- Exercise aim: Transcribe the entries below exactly, starting with the line that has "Villa Rosa Giselly" and stopping after the line that has "Acheter Maison Mouthiers-sur-boeme Charente"; no pictures belong in the copy.

- Input material:

^^^^^^^^

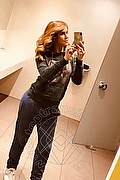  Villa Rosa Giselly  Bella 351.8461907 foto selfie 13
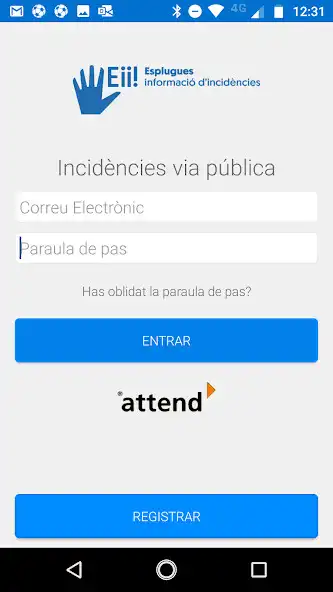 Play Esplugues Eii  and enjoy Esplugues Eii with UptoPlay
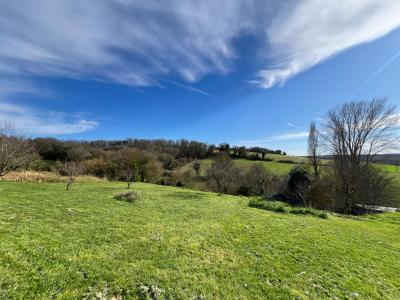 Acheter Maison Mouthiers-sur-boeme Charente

^^^^^^^^

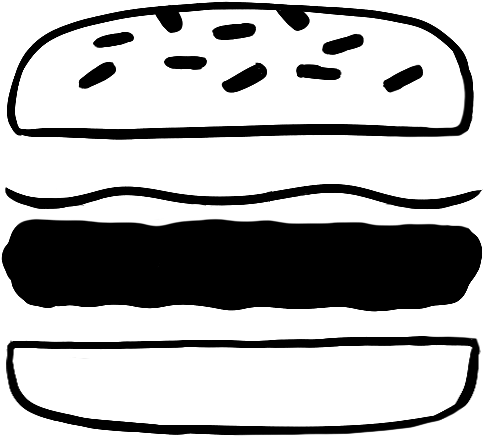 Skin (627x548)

^^^^^^^^

- Exercise solution:
  Villa Rosa Giselly  Bella 351.8461907 foto selfie 13
 Play Esplugues Eii  and enjoy Esplugues Eii with UptoPlay
 Acheter Maison Mouthiers-sur-boeme Charente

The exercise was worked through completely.